The morning evaporated quickly. Everyone was rushing around getting dressed at the same time. Our wedding mass at the Immaculate Conception Church in Everett was scheduled for 1 pm. Upon arrival at the church, I began double-checking to make sure everything was in place. I found my brother John outside sweeping the front steps of the church in his tuxedo. He found a broom in a side closet and he was sweeping gum wrappers and cigarette butts from the sidewalk into the gutter.
“What are you doing?” I asked.
“My brother’s getting married. I’m making sure the place looks good,” John said.
I was surprised and touched. Our nine-year age difference prevented us from being “close” siblings, but today he earned a couple of points in my book.
I left John to his maintenance duties and went to find my brother Michael, to make sure he had the wedding rings in his pocket. I found him outside the church in an alcove alley-way near the door on the side of the altar. The rings weren’t the only thing he had in his pocket.
“What are you doing?” I asked.
“Smoking a joint,” he said casually. ”Want a hit?”
“No, I don’t smoke,” I said. “And for God’s sake, we’re outside a church!”
“Hey, watch your language. We’re outside a church,” he said.
“What happened to your pants?” he asked looking at the front of my black tuxedo that now had clouds of white drifting through the fabric.
“I must have used too much talcum powder after my shower when I got dressed. I didn’t want to perspire during the ceremony,” I said. I tried using my hand to brush off the front of my pants to get rid of the white powder marks.
“I thought you weren’t nervous. How much talcum did you use?”
“I don’t know. I just shook half the container down my shorts,” I said.
“That was probably too much but I don’t think anyone will notice,” he said.
The priest stuck his head out from the vestibule as my brother was wildly waving away clouds of pot smoke and I was patting the front of my black pants trying to wave away clouds of talcum powder.
“It’s time,” said the bewildered priest. If he wondered what was going on in the church alley, he kept it to himself.
The overcast November sky began to brighten. I stood at the altar in the front of the church. There was electricity in the air as hushed whispers of “The bride is here” could be heard quietly echoing. The organist began playing the introduction to the bridal march. The large wooden doors at the back of the church swung open. Outside, the clouds parted. Backlit by rays of sunshine, my breathtaking bride walked into the church on the arm of her proud father. Family legend says the bride’s father was overheard whispering to his daughter, “Are you sure you want to do this?”
The ceremony proceeded smoothly despite all the pre-wedding drama. We read our vows, we said our “I do’s”, we kissed and we were united under God. We walked out of the church as husband and wife, waving and smiling at our guests who were clapping and cheering as our procession passed by. For a few moments, we were royalty.
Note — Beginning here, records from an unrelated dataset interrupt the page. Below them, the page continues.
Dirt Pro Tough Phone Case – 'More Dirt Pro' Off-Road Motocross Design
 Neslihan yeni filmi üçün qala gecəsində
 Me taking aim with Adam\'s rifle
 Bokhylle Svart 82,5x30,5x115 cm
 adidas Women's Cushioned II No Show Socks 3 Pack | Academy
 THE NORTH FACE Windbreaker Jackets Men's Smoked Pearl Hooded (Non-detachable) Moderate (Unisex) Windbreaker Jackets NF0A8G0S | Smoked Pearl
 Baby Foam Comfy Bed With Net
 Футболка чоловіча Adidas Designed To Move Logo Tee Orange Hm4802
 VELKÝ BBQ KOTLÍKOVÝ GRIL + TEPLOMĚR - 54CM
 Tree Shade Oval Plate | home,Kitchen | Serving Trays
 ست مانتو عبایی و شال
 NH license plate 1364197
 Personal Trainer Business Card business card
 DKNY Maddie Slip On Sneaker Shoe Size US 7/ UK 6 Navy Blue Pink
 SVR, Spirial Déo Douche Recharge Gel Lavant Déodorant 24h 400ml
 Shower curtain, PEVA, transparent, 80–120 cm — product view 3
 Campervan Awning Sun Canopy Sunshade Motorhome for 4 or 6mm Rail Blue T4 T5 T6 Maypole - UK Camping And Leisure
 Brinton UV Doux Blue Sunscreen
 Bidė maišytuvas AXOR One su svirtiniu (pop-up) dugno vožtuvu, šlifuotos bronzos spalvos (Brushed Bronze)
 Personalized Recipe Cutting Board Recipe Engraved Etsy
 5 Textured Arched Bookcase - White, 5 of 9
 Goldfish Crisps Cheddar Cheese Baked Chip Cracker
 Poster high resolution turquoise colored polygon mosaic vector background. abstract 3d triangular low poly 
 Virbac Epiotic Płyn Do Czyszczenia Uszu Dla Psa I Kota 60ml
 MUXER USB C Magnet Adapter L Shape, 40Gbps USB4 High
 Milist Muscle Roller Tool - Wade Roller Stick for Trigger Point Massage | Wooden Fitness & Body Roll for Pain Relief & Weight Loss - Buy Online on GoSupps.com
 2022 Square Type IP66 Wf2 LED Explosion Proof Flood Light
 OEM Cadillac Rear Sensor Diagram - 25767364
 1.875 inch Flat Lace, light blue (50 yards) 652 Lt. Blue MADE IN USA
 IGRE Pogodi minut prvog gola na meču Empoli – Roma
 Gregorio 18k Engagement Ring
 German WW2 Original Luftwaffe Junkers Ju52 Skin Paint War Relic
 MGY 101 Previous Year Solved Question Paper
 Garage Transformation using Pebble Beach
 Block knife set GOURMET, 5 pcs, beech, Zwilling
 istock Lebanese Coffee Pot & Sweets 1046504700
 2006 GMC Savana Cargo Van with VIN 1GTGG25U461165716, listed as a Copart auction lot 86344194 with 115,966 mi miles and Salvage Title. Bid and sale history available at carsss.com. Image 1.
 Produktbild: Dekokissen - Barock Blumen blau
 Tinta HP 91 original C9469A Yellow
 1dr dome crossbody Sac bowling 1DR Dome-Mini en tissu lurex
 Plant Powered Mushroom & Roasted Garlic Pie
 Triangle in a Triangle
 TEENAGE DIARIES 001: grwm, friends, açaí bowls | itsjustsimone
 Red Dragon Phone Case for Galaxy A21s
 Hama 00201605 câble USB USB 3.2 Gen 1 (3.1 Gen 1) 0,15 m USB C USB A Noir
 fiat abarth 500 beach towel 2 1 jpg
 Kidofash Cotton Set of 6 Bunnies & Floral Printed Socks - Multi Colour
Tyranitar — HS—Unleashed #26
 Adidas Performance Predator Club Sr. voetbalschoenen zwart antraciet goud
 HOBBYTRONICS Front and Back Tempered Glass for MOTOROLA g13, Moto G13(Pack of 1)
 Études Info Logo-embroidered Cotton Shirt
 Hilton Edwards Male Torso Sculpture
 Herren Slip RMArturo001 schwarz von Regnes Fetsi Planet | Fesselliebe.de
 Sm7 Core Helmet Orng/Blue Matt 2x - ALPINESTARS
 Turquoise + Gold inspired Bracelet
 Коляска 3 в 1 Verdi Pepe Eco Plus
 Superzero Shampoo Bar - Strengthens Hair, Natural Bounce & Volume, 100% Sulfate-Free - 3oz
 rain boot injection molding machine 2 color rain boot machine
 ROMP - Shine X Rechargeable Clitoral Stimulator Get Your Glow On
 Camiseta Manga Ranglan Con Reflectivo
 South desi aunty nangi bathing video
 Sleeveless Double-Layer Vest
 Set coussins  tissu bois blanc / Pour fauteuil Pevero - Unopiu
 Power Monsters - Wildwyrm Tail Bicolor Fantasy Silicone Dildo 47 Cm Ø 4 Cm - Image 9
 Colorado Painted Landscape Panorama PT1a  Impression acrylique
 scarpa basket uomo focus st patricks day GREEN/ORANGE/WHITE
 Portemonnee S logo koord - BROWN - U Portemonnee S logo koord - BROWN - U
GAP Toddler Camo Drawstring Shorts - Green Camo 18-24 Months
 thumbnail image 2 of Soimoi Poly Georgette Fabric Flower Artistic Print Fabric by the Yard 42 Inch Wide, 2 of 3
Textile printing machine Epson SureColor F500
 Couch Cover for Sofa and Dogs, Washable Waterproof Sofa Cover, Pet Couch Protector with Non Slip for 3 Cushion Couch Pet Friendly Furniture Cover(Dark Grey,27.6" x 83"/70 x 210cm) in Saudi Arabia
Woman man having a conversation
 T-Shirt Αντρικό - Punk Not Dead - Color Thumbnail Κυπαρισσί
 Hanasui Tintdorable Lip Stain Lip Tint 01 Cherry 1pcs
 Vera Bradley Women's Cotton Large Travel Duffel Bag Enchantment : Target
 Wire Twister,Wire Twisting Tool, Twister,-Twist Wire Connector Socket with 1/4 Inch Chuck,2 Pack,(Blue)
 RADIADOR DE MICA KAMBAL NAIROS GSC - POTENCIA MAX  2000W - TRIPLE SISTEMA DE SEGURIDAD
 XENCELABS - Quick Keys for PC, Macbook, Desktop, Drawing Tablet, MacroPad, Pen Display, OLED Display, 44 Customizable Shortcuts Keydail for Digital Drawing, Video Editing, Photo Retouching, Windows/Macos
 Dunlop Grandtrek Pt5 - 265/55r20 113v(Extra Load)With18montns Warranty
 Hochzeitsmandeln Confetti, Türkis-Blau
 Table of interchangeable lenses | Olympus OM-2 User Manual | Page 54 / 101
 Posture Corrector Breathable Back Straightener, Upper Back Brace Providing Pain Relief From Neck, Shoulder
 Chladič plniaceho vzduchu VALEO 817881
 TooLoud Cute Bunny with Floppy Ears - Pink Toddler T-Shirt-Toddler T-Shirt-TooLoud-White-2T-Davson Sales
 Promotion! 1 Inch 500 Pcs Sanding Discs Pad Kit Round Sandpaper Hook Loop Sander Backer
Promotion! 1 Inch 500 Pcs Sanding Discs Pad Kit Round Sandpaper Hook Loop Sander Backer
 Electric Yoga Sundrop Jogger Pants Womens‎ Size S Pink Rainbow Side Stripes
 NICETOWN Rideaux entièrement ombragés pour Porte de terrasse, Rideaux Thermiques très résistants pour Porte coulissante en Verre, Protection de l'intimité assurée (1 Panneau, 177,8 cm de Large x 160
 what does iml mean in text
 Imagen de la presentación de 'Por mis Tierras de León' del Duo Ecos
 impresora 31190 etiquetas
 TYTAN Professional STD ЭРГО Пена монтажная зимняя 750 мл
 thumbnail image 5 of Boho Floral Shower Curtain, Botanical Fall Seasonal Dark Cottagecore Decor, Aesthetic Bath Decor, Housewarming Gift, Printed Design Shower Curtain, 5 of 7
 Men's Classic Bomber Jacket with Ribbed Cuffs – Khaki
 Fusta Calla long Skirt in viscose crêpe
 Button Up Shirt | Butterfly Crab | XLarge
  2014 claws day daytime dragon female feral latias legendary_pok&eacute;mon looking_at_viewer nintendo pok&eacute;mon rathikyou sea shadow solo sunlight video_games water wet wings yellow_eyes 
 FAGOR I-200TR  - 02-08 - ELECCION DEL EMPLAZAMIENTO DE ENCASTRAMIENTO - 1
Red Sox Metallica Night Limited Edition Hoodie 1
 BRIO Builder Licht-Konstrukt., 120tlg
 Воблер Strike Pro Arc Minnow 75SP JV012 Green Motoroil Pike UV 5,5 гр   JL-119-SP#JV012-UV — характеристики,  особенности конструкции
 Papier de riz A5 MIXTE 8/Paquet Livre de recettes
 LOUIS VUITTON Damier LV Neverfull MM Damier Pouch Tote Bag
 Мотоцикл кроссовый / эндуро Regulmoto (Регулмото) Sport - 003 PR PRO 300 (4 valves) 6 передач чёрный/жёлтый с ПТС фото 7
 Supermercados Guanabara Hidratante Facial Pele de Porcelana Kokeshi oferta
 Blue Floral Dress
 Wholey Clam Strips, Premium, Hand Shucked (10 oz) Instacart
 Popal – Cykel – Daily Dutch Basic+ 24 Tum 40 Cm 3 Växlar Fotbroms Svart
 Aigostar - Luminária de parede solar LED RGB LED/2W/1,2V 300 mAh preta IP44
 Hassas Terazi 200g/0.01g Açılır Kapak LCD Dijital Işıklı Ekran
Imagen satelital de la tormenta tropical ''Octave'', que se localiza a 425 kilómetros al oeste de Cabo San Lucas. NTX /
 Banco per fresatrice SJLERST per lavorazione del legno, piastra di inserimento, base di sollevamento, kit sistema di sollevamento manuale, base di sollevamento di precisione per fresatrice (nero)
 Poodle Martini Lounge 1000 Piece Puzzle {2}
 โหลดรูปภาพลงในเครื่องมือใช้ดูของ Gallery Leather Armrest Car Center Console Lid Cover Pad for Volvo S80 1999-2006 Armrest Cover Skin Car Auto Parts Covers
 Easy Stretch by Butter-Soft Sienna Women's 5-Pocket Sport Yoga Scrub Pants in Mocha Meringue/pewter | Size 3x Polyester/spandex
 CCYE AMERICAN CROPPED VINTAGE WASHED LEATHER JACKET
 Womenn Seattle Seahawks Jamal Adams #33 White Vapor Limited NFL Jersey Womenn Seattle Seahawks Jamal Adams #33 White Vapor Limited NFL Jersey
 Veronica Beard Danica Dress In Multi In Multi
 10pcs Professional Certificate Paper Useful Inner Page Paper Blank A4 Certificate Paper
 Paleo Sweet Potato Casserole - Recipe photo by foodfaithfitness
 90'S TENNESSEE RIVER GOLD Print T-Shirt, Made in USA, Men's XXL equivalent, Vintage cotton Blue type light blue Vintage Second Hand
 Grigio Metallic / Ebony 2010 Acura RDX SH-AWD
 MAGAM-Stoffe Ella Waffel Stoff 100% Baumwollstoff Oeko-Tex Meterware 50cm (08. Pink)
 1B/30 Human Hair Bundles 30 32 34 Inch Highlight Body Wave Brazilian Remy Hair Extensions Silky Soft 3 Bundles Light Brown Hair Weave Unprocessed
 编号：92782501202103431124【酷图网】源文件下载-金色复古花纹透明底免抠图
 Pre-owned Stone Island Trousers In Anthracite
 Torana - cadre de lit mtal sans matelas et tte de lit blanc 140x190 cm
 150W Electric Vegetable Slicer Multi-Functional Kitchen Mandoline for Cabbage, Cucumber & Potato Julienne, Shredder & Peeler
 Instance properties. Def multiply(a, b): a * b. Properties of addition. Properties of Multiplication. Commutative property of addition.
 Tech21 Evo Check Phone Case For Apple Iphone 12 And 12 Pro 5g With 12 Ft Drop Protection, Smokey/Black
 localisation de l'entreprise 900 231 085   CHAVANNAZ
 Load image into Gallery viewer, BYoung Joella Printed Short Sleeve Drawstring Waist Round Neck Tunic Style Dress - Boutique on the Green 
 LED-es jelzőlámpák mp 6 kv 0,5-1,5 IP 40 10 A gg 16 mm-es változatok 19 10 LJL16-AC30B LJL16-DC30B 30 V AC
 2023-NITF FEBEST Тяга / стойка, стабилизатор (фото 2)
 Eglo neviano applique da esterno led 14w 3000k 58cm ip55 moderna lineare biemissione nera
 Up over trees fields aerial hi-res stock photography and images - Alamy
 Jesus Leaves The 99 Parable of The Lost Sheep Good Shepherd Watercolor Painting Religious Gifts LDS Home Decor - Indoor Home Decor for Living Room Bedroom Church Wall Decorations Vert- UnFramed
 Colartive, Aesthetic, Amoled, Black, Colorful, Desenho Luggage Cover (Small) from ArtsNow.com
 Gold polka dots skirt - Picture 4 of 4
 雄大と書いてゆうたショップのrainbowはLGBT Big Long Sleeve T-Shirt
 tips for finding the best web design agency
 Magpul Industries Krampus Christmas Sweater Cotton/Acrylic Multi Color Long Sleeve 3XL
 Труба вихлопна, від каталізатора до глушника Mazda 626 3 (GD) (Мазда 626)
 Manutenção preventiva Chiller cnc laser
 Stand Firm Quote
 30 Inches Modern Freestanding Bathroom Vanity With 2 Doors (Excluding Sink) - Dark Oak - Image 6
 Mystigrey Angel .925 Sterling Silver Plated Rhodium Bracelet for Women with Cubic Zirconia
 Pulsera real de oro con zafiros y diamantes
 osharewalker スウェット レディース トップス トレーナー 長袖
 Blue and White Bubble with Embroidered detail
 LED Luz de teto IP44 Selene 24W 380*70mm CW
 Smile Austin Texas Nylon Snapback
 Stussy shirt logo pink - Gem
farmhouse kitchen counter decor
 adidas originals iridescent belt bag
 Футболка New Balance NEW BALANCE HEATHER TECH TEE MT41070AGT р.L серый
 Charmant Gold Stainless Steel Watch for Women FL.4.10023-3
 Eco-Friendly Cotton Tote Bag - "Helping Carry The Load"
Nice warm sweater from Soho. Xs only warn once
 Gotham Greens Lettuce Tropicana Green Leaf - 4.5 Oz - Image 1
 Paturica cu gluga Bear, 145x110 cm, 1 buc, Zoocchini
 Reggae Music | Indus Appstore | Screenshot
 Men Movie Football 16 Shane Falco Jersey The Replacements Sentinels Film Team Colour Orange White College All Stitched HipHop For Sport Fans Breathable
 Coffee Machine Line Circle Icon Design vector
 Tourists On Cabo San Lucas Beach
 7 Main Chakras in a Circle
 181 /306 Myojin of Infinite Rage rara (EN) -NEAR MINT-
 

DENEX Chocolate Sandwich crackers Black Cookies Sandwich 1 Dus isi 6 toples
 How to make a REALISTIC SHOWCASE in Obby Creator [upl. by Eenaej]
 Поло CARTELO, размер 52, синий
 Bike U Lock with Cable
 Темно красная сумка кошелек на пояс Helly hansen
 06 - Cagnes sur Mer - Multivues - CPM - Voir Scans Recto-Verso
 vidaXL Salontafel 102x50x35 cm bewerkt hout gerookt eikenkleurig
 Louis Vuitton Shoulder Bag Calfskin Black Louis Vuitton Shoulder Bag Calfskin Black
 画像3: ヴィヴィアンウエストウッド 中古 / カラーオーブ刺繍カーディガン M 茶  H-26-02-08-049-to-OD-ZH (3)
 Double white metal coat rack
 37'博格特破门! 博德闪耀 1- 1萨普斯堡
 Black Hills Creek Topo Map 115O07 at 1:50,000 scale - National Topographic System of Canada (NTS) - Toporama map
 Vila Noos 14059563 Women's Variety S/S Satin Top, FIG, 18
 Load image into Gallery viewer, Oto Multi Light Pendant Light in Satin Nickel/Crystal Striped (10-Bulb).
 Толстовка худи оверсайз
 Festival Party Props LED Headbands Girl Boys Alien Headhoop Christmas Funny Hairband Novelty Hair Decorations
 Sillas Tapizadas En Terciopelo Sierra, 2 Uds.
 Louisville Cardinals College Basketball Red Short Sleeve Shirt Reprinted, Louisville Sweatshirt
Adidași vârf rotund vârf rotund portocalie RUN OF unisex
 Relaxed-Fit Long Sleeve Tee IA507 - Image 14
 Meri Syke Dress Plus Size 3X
Somewhere in the back of a bureau draw there is a Super 8 movie of our wedding reception that one of the guests recorded on celluloid tape. There is no sound (it was 1980 and video technology was just starting to become commonplace). The silent footage is full of smiling guests, many no longer with us, too many to count, but all of them loved more than they ever knew. The photo albums from that day are somewhere in the rafters of my attic, along with all of our other family photo albums, holding a lifetime of memories.
Our wedding photos reflect a piece of our shared history, made even more special because our entire immediate family comprised our wedding party – from groomsmen to bridesmaids, best man and maid of honor. Our photographer captured the day perfectly, from the gorgeous shot of my beautiful bride in her white dress emerging from the black limousine, to the parting of the clouds as the bride entered the church in a golden halo of light. And in one of the photos, you can still see a smudge of white talcum powder rising through the fabric of my black tuxedo pants.